As for the increased light with the tree work, I am happy. My goal was to keep the playground shaded and to get more light into other areas, especially the former "garden" area. These photos were shot at 1pm.

This specific area was completely shaded by 11am before the trees were trimmed.




This was the same area at 3pm before the trees were trimmed.


----------



## Liquidstone (Mar 31, 2021)

Nice work on trimming up those trees and keeping shade in the play area. Sad deal about your Apple tree but I'm sure that it will help with alleviating your deer pressure. Looks like you've done a great job thus far. Keep up the good work, I'll be fallowing along.


----------



## Mark2 (Jun 3, 2021)

Liquidstone said:


> Keep up the good work, I'll be *fallowing * along.


Lol can't decide if on purpose, or an accident..


----------



## Lust4Lawn (Aug 4, 2020)

@Liquidstone Thanks! Ultimately it's the kids' yard, not my sod farm so their needs/wants come first, right? I had mixed emotions for the apple tree, primarily based on her history, but the potential for deer ticks has also been reduced significantly. I don't know how long she had left but all of the apples that were still on the tree went to the deer so there was no waste of the fruit. Removing the apple tree also brought in some light right in front of the playset which I really needed. Thanks for "fallowing" along.

@Mark2LOL. Paging Dr. Freud.


----------



## Lust4Lawn (Aug 4, 2020)

So after a week of being away I came home to the fallowed topsoil with the expected weeds but the unexpected amount of nutsedge.

I was planning on spraying glyphosate in the morning and seeding later in the day. Now I'm wondering if I should add and NIS to the tenacity that I was planning during seed down.

I would love some input on this.


----------



## jrubb42 (Jun 20, 2019)

I would put down NIS with your glypho app.

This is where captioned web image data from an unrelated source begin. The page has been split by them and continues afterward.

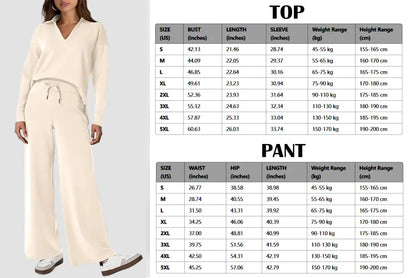 Women's 2 Piece Sets Outfits Casual Long Sleeve Sweatsuits Polo Top and Wide Leg Pants Matching Sets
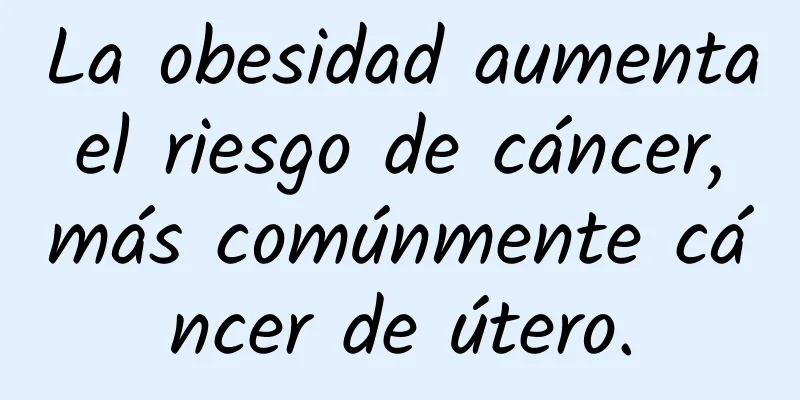 La obesidad aumenta el riesgo de cáncer, más comúnmente cáncer de útero.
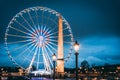 FRANCE - DECEMBER 14:  Illuminated Ferris wheel at the Place de la Concorde, DECEMBER 14, 2017 in Paris, France Royalty Free Stock Photo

It may not kill the nutsedge off completely but you can always take care of it later. Nutsedge isn't that big of a worry IMO.


----------



## Lust4Lawn (Aug 4, 2020)

@jrubb42 Thanks. Yes, I was planning to use NIS with the glyphosate.

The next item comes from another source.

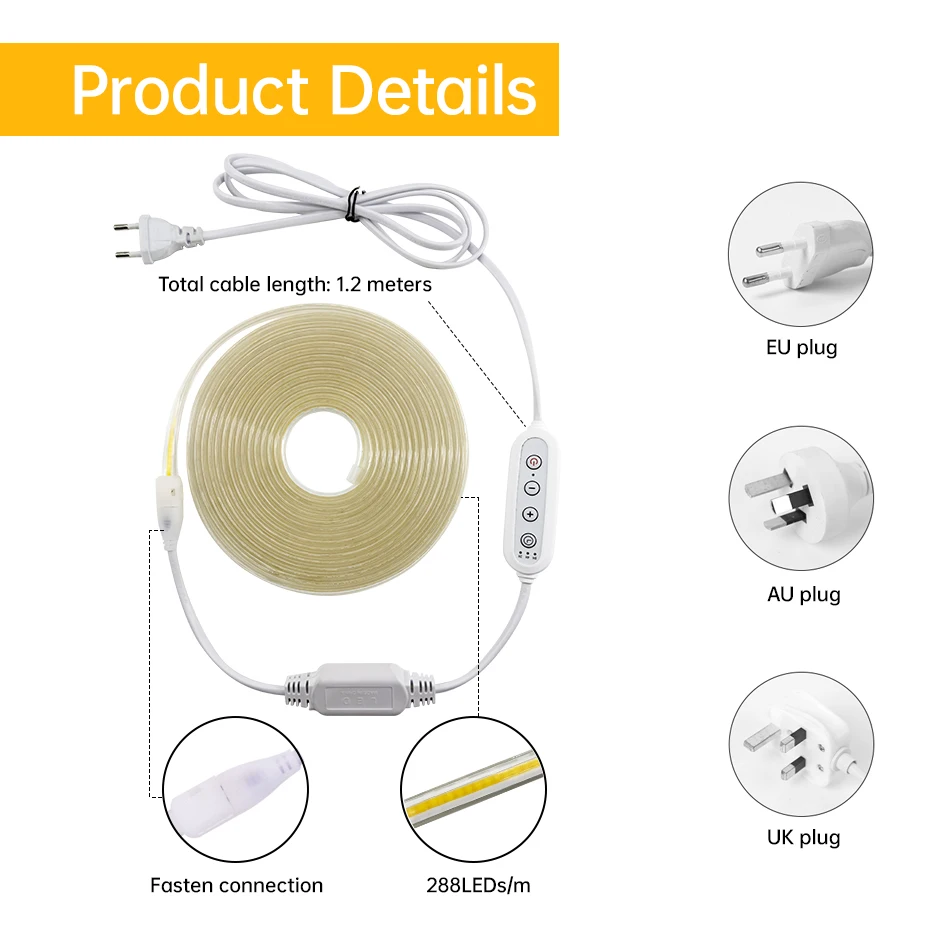 ไฟแถบ LED COB AC 220V 288LEDs/เมตร กันน้ำ IP65 แบบยืดหยุ่น พร้อมสวิตช์ตั้งเวลาหรี่แสง ปลั๊ก EU/AU/UK ความยาว 1-25 เมตร ตัดได้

Any thoughts on the timing of spraying glyphosate and seeding within a few hours?


----------



## jrubb42 (Jun 20, 2019)

Sorry I read that wrong. You may as well add the nis to the tenacity also. You have nothing to lose. It won't affect your soil application.

Give the glyphosate like 3 or 4 hours and you should be good to go with seeding.


----------



## Lust4Lawn (Aug 4, 2020)

Yesterday I blanket sprayed with glyphosate at 5 oz/K with NIS and 2.7 ounces by weight of AMS per gallon of spray to help with my hard water.

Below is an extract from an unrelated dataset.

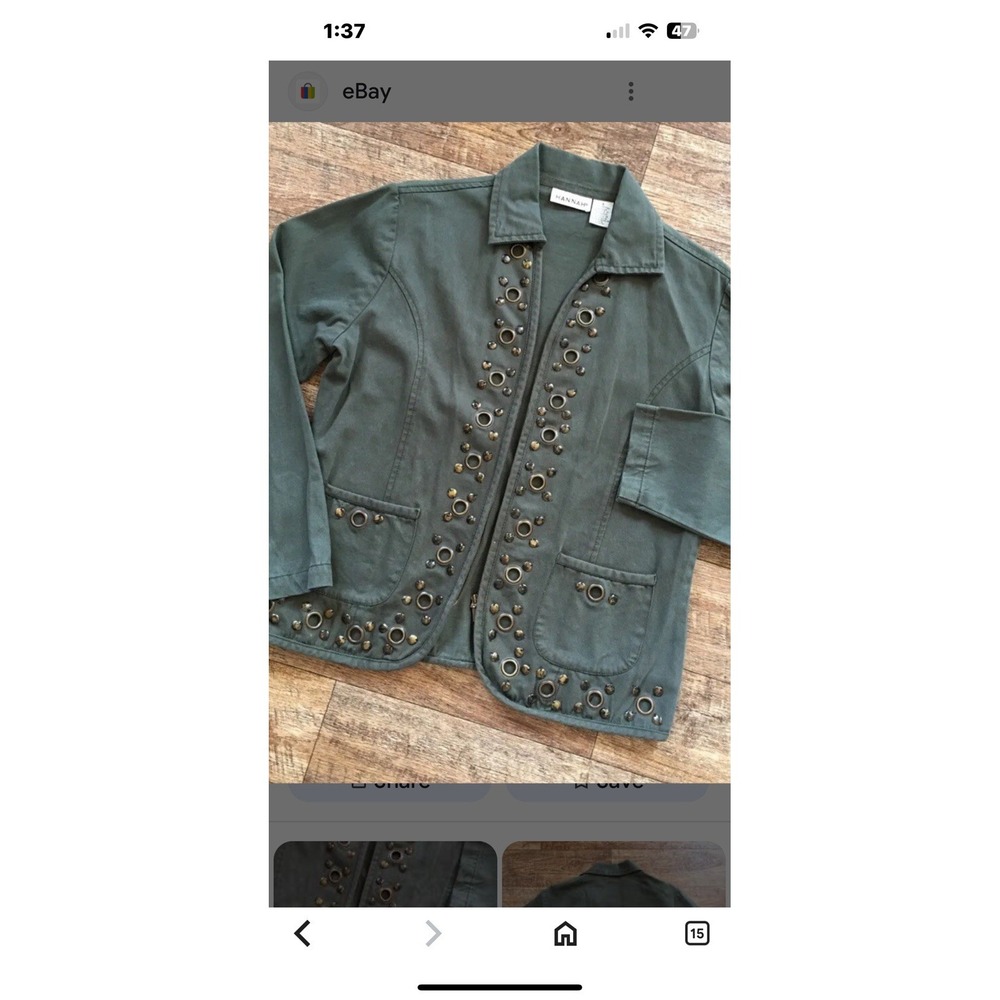 Hannah Twill Jacket Olive Green‎ 2XL W/ Brass Eyelet Trim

I checked the weather again and Hurricane Ida is forecast to drop 4-5" of rain here on Wednesday/Thursday so it looks like this weekend will have to work.


----------



## Lust4Lawn (Aug 4, 2020)

I finally got my seed down on 9/4! After 2 storms in 2 weeks totalling ~18" of rain combined, it was finally time. My fresh 18yards of topsoil had fallowed for 3 weeks and a bunch of nutsedge and some rogue grass has popped up. I applied two rounds of glyphosate a week ago and the day before seed down.

Reno Area: 4500 square feet
Mazama KBG 2.5 lbs/K
15 lbs of Starter Fert 24-25-4 (.8 lbs of N & P)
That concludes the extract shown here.